「慈愛会ひだ」の理念 ~私たちの思い~

 

 死を迎えるのに恐怖を感じるのは、人としてごく普通で自然なことです。

しかし医療や福祉のケアの現場で、スピリチュアルペイン(死に対する心理的な苦悩や恐怖)に対応するケアが実施されている環境はきわめて稀です。なぜならスピリチュアルケアを実施しても、保険点数が付かないため、経営者側がその導入にあまり積極的ではないからです。ホスピスなどの緩和ケア病棟でも、実施しているところは数えるほどしかありません。

 

 現在8 つの大学やNPOで「臨床スピリチュアルケア師」「認定スピリチュアルケアワーカー」

「認定臨床宗教師」を養成して、その数は全国で1000 人になろうとしているにもかかわらず、その人たちの活躍する職場(場面)は限られています。国や施設からの要請を待っていてはいつまでも「死の恐怖におびえる人々」へは届かないのが実態です。

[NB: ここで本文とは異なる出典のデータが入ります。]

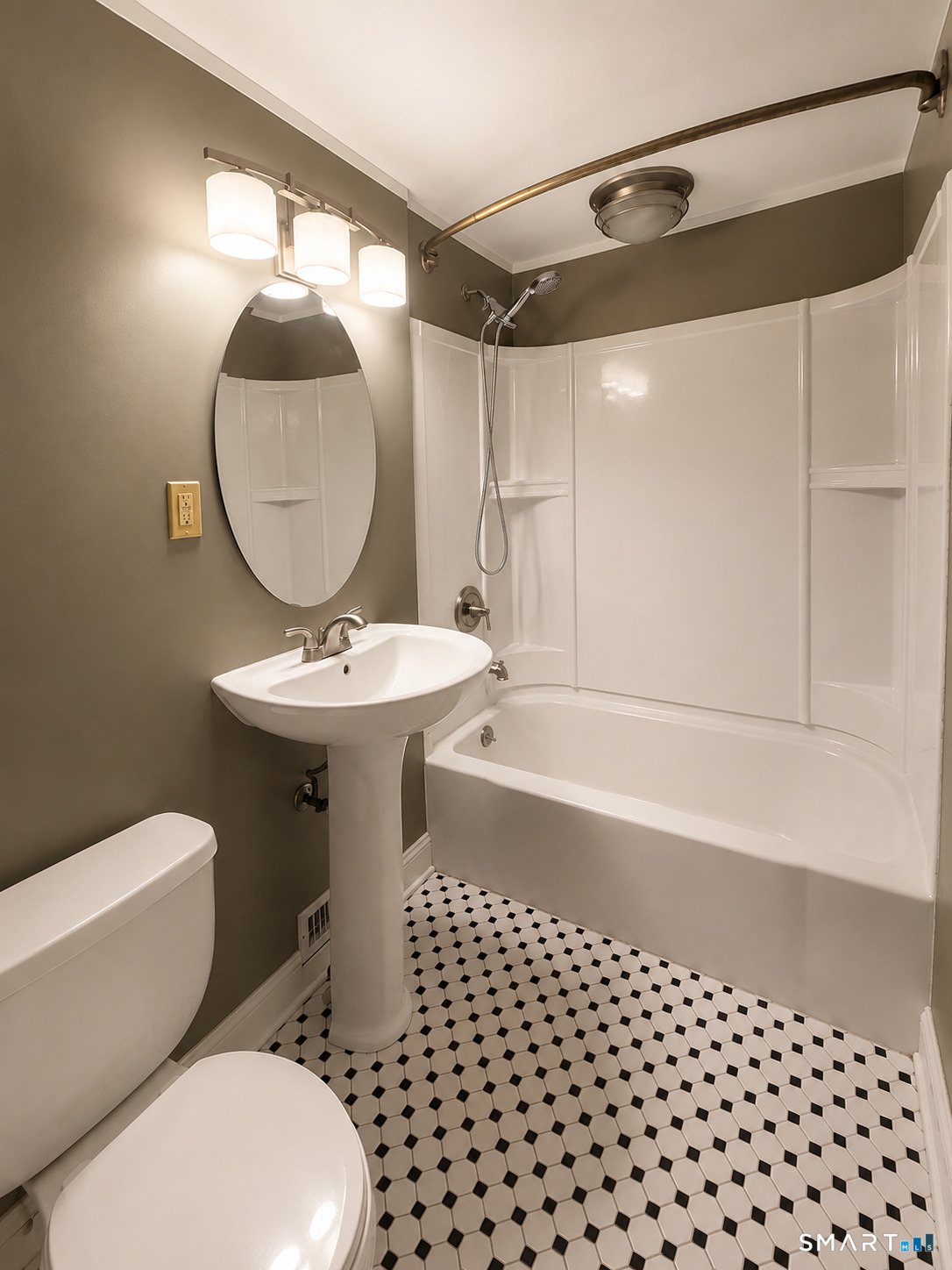 561 Hopewell Road Glastonbury, CT 06073 - Photo 12 of 21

 いのちの終わりを迎えようとしているご本人だけでなく、ご家族も同様に不安や悩みを抱えています。しかしそのこころの内を話せる場はそれほど多くありません。

 また、大切な人が旅立ったあとの悲しさ、寂しさ、孤独感にさいなまれている人は少なからずおられます。

 

 そこで飛騨高山を拠点に有志が集い、2023年5月3日に市民活動団体「慈愛会ひだ」を立ち上げました。慈愛会の目的は、「慈悲と愛の精神で、社会の諸課題にコミットする地域密着型、多職種連携型のケアグループ」です。

 少しでも皆さまのお役に立ちたいとの思いから地道な活動を行っています。趣旨にご賛同いただける方やご協力いただける方からのお力添えをお待ちしております。